As much as some believe that this is absolutely the right thing to do, I thought San Francisco knew better. Mayor Newsom has lost my vote. Any city supervisor who stands up for what is ethically right, in the face of great pressure from those who feel quite differently about right and wrong and who feel they have the right to force this view upon others, will gain it. I realize of course that I am but one voice, but you must realize also that you all are persecuting a community that effectively has no political voice whatsoever, especially given that much of it has been defined as “criminal” and thus without legitimacy. I can guarantee you there are many in that community who feel the same way I do, but who have been driven to desperation by the national wars undertaken to eradicate them, wars doomed to failure but nevertheless capable of engendering hundreds of thousands of needless casualties.

I once thought San Francisco had the sense not to participate in this war. I guess I was wrong.

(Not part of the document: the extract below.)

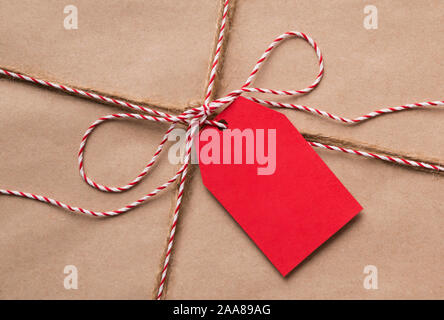 Tag di Natale per la scrittura di messaggi di saluto o testo appeso sul presente box Foto Stock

Oh listen. Another police siren. Why don’t I feel any safer?

Your citizen for now,

Erik etc etc

deYoung the narrative

So what happened when I went to see the New Guinea art at the deYoung is not easy to describe other than that from outside someone would have seen a bald medium sized man walking from piece to piece taking pictures by holding his breath and trying to stand very still for the tenth of a second and slower shutter speeds the very scanty light was giving him.

The pieces are encased in glass so you can’t get too familiar but still standing next to them and looking into the shell eyes of the one skull one could say a presence but that would be entirely the wrong word because it is also an absence insofar as these pieces are a raw confrontation with death and its relationship to life. It’s hard to explain but the energy with which the works were obviously produced seems to pulse right there on their surfaces and in their intricate forms and I don’t know if you have to be especially attentive but this was the first time that aboriginal art really got me in a way that outpaced thoughts about the political and moral conundrums behind their simply being there. They speak but they are silent and tell you things that on their surface are as legible as any heiroglyph and yet you cannot figure out what they are saying.

It’s as though the arbitrariness and beauty and intricacy of a certain animal culture (ours, that is) stands out in its arbitrariness and beauty and intricacy when one confronts artifacts of another arbitrary, beautiful, intricate but unknown and yet very human culture.

Use “I” statements, Erik.

I felt something similar at the Anasazi ruins in Canyon de Chelly in the Navajo Nation–as though I could almost imagine but not even begin to understand the life that went on there: a kind of deep mystery that was oddly and sometimes uncomfortably familiar precisely because in order to even contemplate it one has to take death into account. These people are gone, after all. They cannot talk to you. The New Guinea pieces especially speak and don’t speak that mute witness of death that ends at death and yet goes on as life in general.

The fact that these pieces were all drenched with spiritual significance and that that significance derives from the thin line between life and death that is the organism itself also made me reflect on our distanced, intellectual relationship to “art” in our own culture and how much we have lost by disintegrating it from daily life as though it were just another analyzable but largely irrelevant object. Life is lived artfully from the very moment one imagines a world, but in the US especially we have no acknowledgment of that and indeed art is disparaged at the popular level if it tries to do anything adventurous.

And yet culture itself is a sublime and ridiculous but daring work of art that knows death to the extent that it is knowable which is to say not at all and so one dreams spirits in its place. The fact that the most powerful nation on earth has completely forgotten this is one of the reasons why we keep fucking things up.